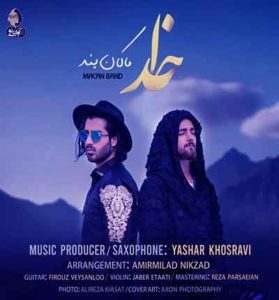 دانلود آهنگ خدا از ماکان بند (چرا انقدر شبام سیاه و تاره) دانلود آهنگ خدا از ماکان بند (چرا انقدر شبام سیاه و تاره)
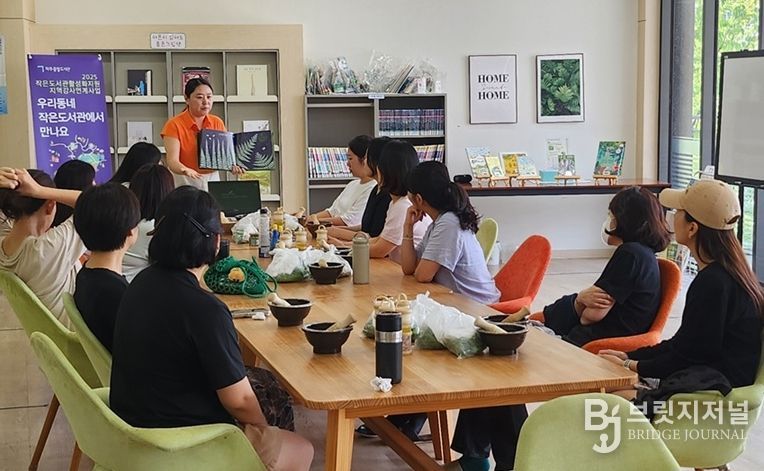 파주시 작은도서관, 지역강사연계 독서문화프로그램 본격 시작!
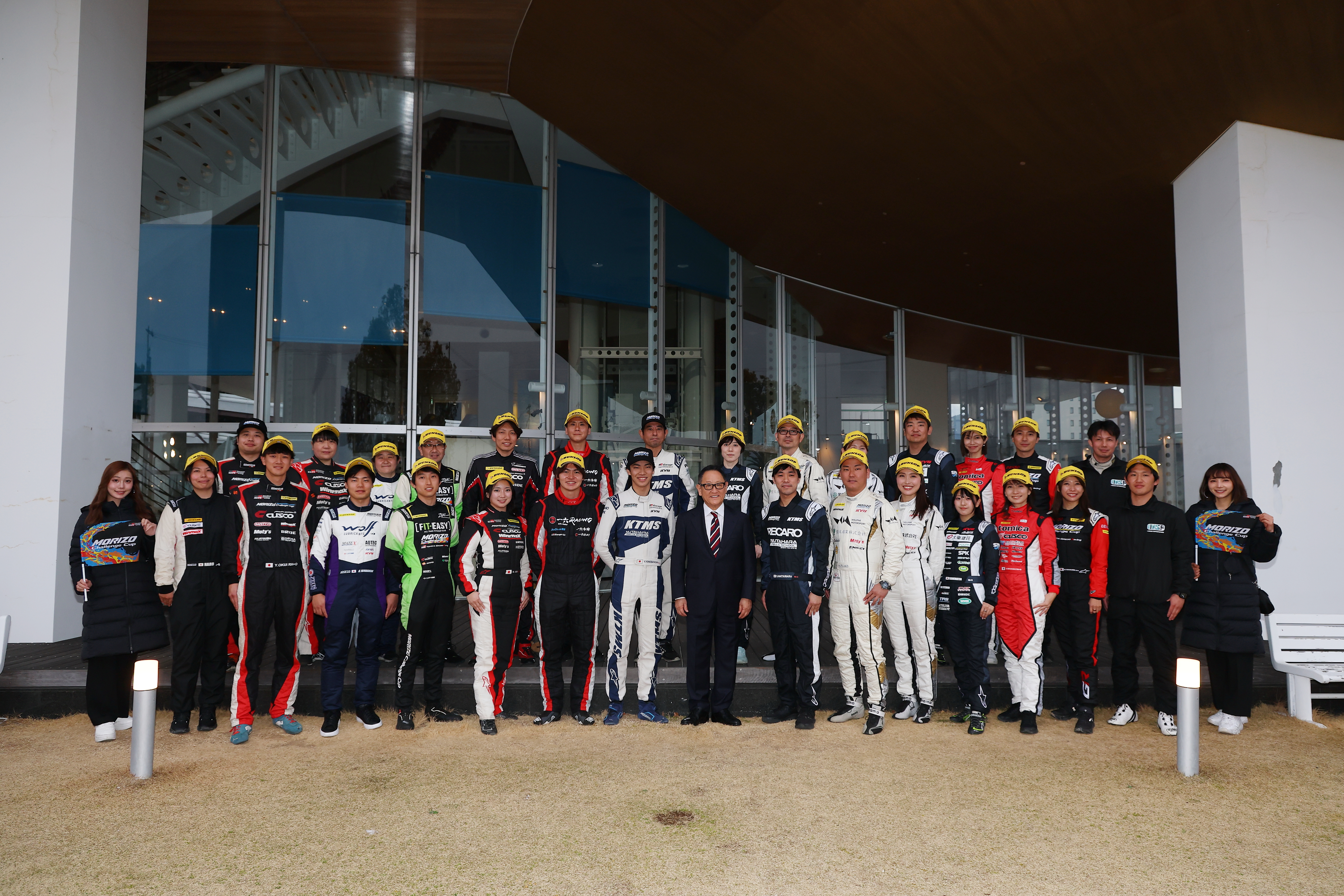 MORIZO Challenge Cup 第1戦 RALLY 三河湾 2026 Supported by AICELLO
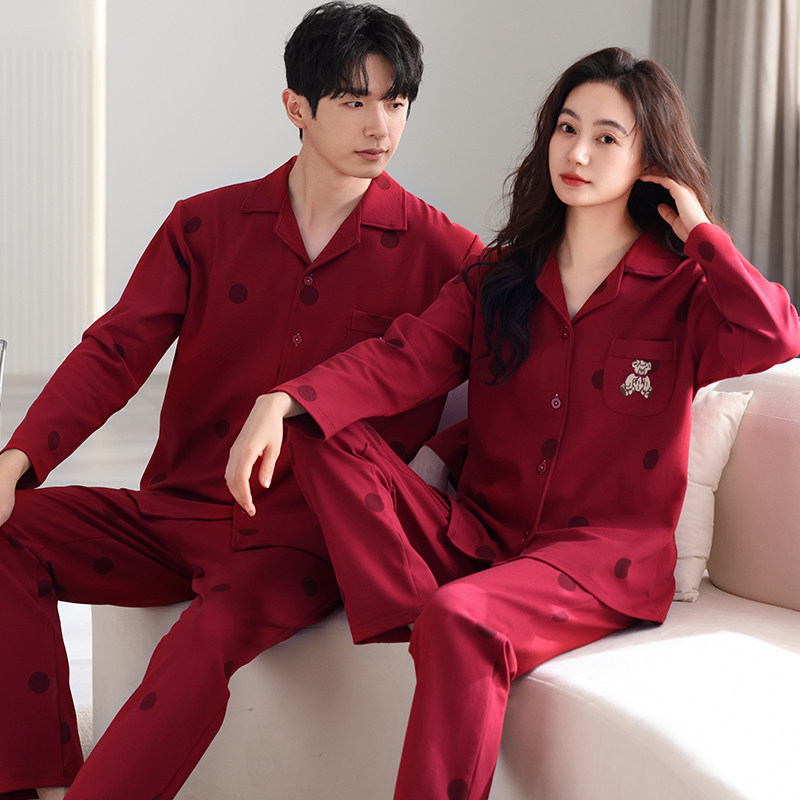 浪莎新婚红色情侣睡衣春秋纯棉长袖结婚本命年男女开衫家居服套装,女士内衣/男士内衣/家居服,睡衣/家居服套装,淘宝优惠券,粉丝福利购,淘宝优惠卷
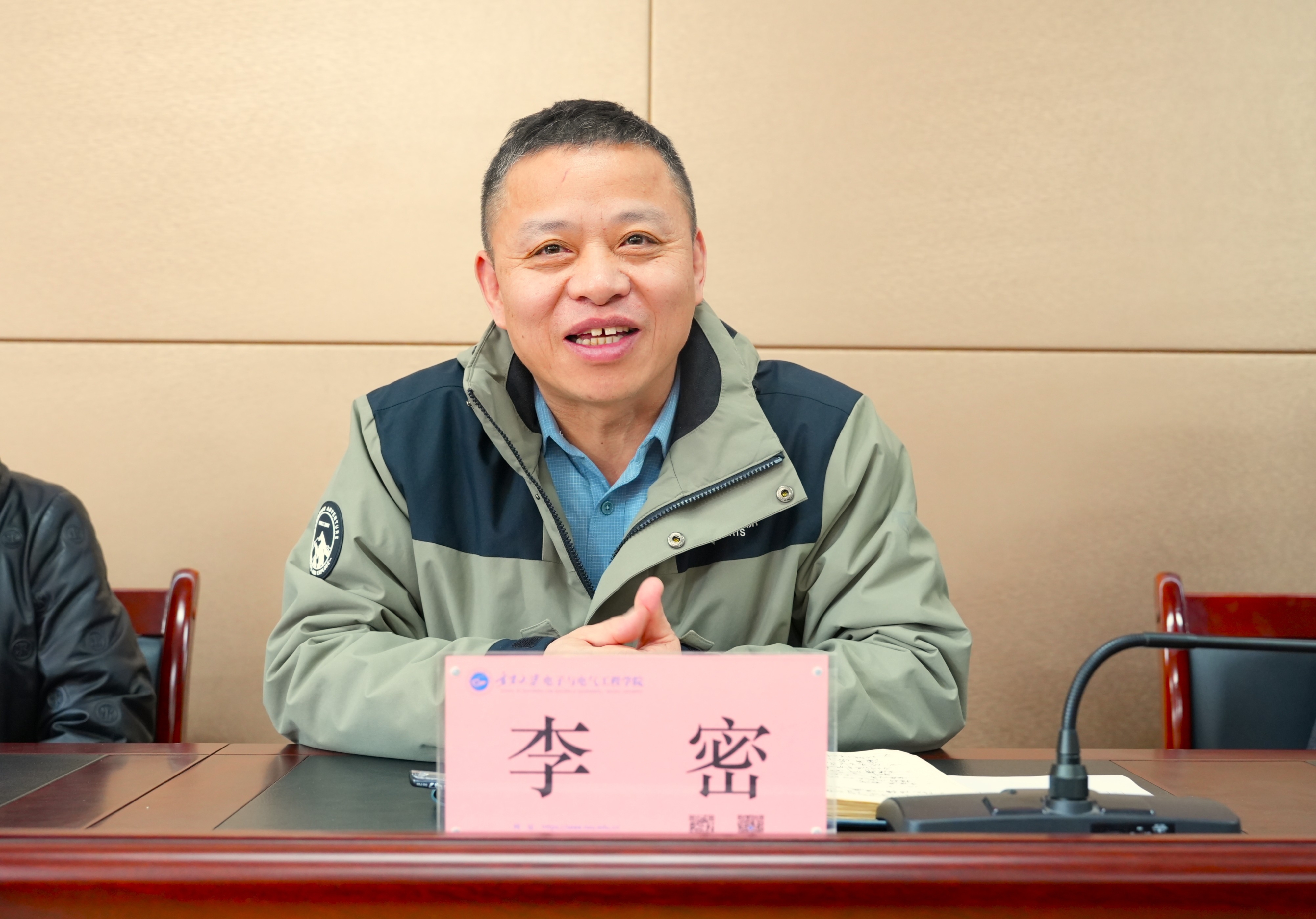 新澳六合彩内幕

=-=-=

= TASK REQUIREMENTS =
Please retype every entry above exactly, leaving out any picture.

= ANSWER SPACE =
 دانلود آهنگ خدا از ماکان بند (چرا انقدر شبام سیاه و تاره) دانلود آهنگ خدا از ماکان بند (چرا انقدر شبام سیاه و تاره)
 파주시 작은도서관, 지역강사연계 독서문화프로그램 본격 시작!
 MORIZO Challenge Cup 第1戦 RALLY 三河湾 2026 Supported by AICELLO
 浪莎新婚红色情侣睡衣春秋纯棉长袖结婚本命年男女开衫家居服套装,女士内衣/男士内衣/家居服,睡衣/家居服套装,淘宝优惠券,粉丝福利购,淘宝优惠卷
 新澳六合彩内幕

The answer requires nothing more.